Hamburg: Argument 2014 (Beiträge zur Marx-Engels-Forschung. Neue Folge 2012); 228 S.; 14,90 €; ISBN 978-3-86754-680-5
Der Band thematisiert die vielschichtigen Referenzen und Beziehungen von Marx und Engels zu Russland. Dessen politische und wirtschaftliche Situation war – wie die Herausgeber betonen – für beide zeitlebens von besonderer Bedeutung. Ein ausdrücklicher Stellenwert kommt dabei Marx‘ Beziehung zu Michail Bakunin zu, an dessen revolutionärer Ungeduld die Erste Internationale mit zerbrochen ist. Wolfgang Eckhardt untersucht aus ideengeschichtlicher Perspektive jene „polemische Schlammschlacht“ (26), die nach 1870 im Zuge der Auffächerung der Arbeiterbewegung in Sozialdemokratie, Kommunismus und Anarchismus zwischen Bakunin und Marx ihren Austrag fand. Während Marx und Engels in ihrer politischen Strategie auf die Eroberung der Macht durch möglichst viele erfolgreiche Kandidaturen um Mandate abstellten, vertrat Bakunin dagegen „die sozialrevolutionäre Ideentradition innerhalb der IAA, die nicht auf Partizipation oder Eroberung der politischen Macht setzte, sondern auf ihre Zerstörung zur Schaffung neuer herrschaftsloser Gesellschaftsformen.“ (27) Gerade in dieser kategorialen Unterscheidung zweier divergenter politischer Strategien kommt, wie Eckhardt abschließend anmerkt, der zunächst bloß persönlichen Fehde zwischen Marx und Bakunin eine bis heute fortwirkende ideengeschichtliche wie politisch‑praktische Bedeutung zu.
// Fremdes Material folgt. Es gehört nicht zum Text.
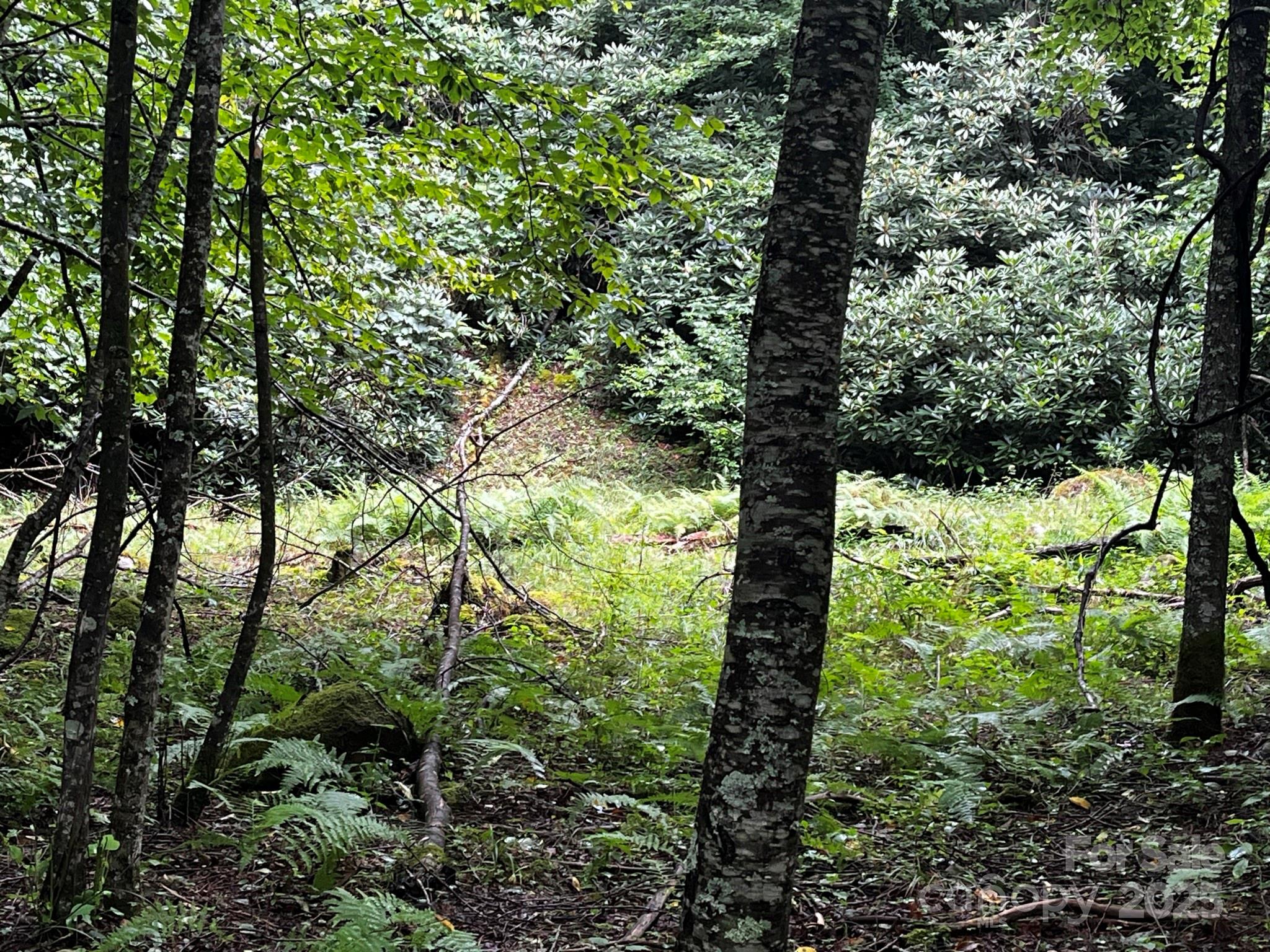 Tbd Flat Springs Road Property Photo 34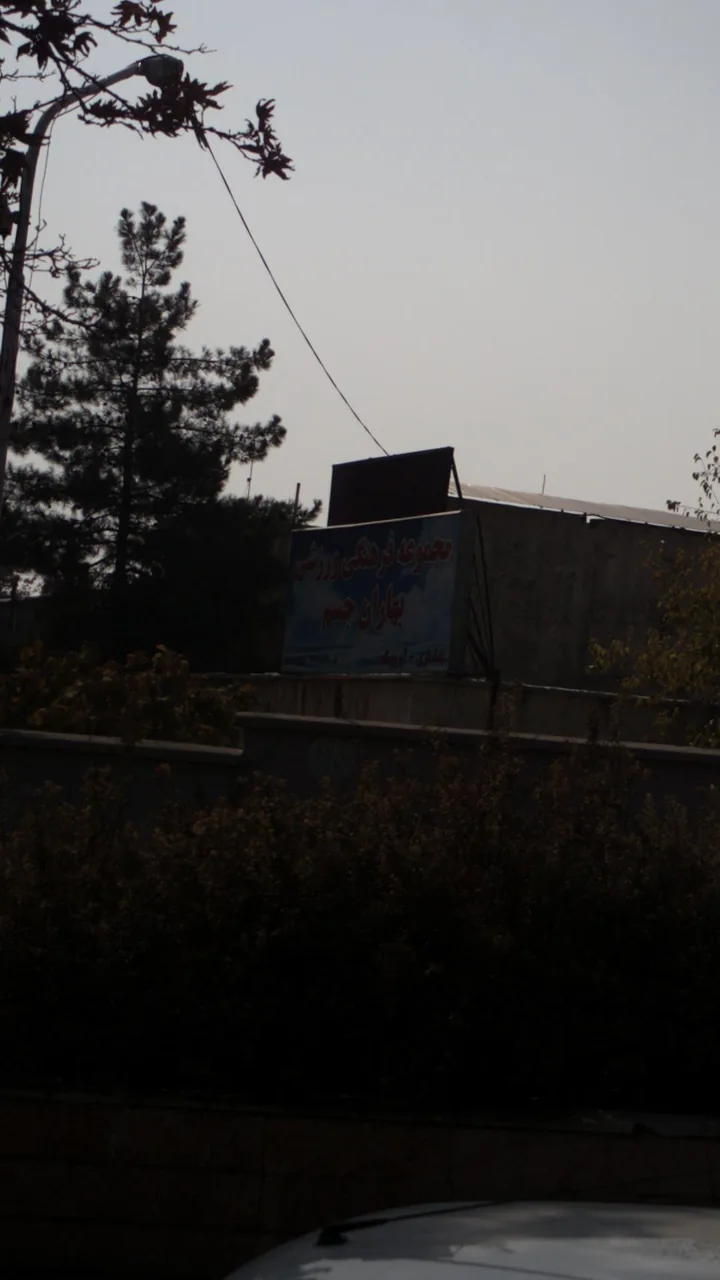 باغ گل بهاران - تصویر 4
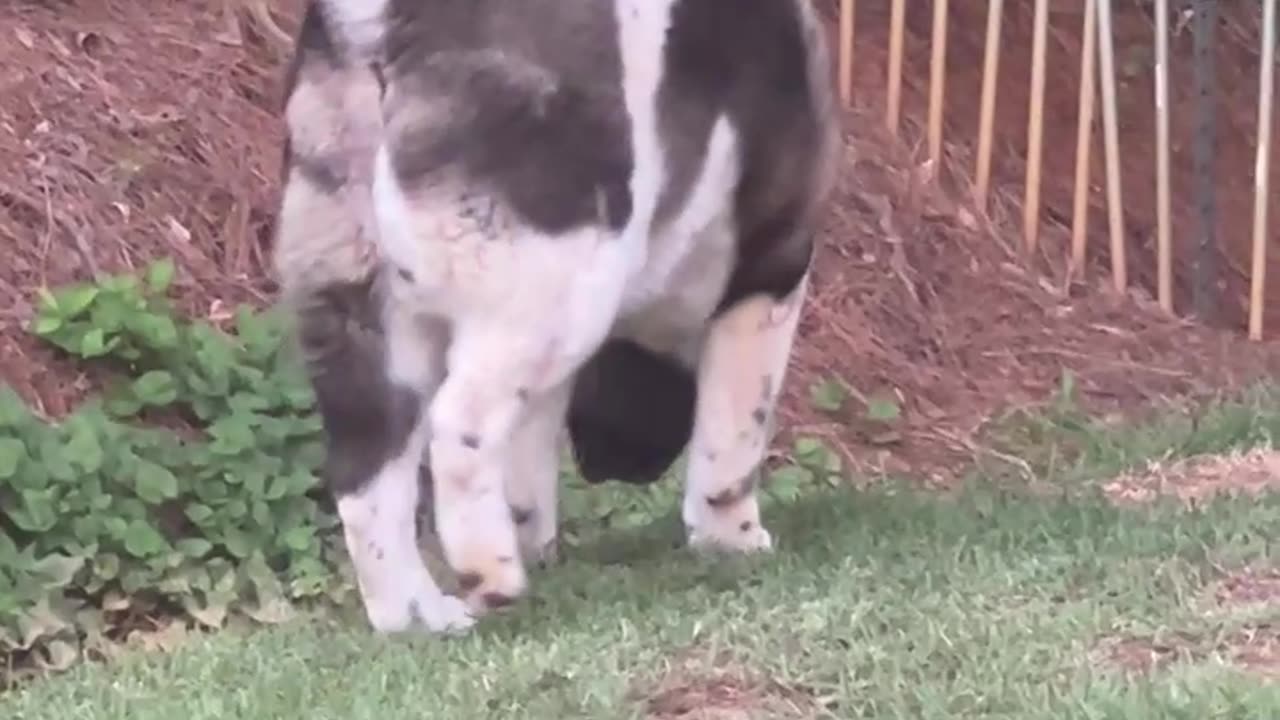 Matsu was bad, but Matsu doesn't care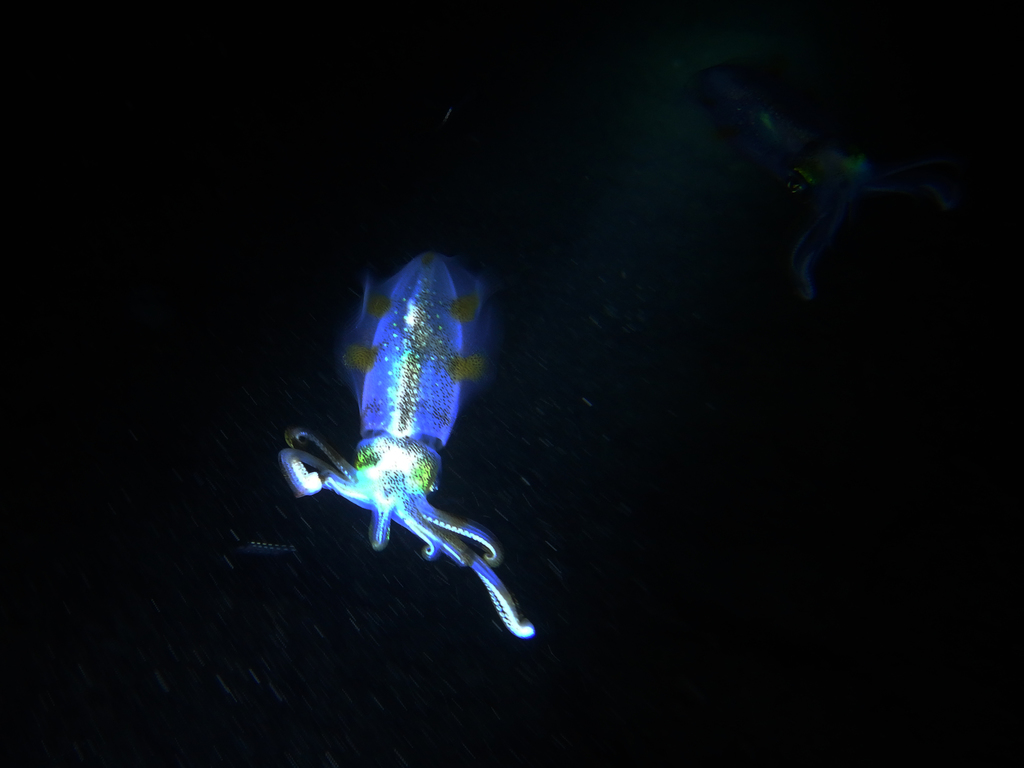 Bigfin reef squid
Einige dezidiert werkhistorische Überlegungen stellt Anna Uroeva an, die die Rezeption von „Das Kapital“ noch vor dem Vorliegen einer einheitlichen und kompletten Übersetzung beleuchtet. Bevor diese durch Nikolaj F. Daniel?son für den ersten Band im Jahr 1872 besorgt worden war, war die Lektüre durch zweierlei Faktoren stark beschränkt: Zum einen waren überhaupt nur sehr wenige Exemplare in Russland beziehungsweise in russischen Bibliotheken verfügbar, die zum anderen – bedingt durch die deutsche Sprache – nur einem sehr kleinen und zudem in der Regel akademisch gebildeten Kreis von Lesern zur Verfügung standen. Russland war um 1870, gemessen an Marx?schen Kriterien, nicht hinreichend kapitalistisch entwickelt und noch weniger reif für die geschichtsphilosophisch notwendige revolutionäre Überwindung der herrschenden Verhältnisse. Daher entstand das Interesse, Marx‘ Ideen auch einer breiteren Leserschaft zugänglich zu machen, um so eine Beschleunigung der sozialen, ökonomischen und politischen Transformation zu erreichen.
Matthias Lemke (LEM)
Dr. phil., Politikwissenschaftler (Soziologe, Historiker), wiss. Mitarbeiter, Institut für Politikwissenschaft, Helmut-Schmidt-Universität Hamburg.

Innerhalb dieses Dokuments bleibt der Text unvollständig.